[[ STORED DATA, beginning ]]
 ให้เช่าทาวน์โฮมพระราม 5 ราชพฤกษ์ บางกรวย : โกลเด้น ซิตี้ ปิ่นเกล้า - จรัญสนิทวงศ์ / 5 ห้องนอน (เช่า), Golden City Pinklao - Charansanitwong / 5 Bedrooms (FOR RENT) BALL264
[[ STORED DATA, end ]]
[[ STORED DATA, beginning ]]
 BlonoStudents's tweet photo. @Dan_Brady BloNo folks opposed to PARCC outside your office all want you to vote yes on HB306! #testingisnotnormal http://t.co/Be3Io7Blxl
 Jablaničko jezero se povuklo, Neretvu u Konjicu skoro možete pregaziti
[[ STORED DATA, end ]]
[[ STORED DATA, beginning ]]
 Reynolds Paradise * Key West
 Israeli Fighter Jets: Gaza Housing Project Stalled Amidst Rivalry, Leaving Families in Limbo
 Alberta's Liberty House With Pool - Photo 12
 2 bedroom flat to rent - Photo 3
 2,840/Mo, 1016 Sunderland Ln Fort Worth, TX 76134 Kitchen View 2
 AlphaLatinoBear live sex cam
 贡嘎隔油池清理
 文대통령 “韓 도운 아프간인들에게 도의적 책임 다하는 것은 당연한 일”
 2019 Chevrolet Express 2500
[[ STORED DATA, end ]]
**TASK GOAL**: Copy the entries above exactly, but only from the line holding "Reynolds Paradise * Key West" through the line holding "2019 Chevrolet Express 2500", both included.

**OUTPUT BELOW**:
 Reynolds Paradise * Key West
 Israeli Fighter Jets: Gaza Housing Project Stalled Amidst Rivalry, Leaving Families in Limbo
 Alberta's Liberty House With Pool - Photo 12
 2 bedroom flat to rent - Photo 3
 2,840/Mo, 1016 Sunderland Ln Fort Worth, TX 76134 Kitchen View 2
 AlphaLatinoBear live sex cam
 贡嘎隔油池清理
 文대통령 “韓 도운 아프간인들에게 도의적 책임 다하는 것은 당연한 일”
 2019 Chevrolet Express 2500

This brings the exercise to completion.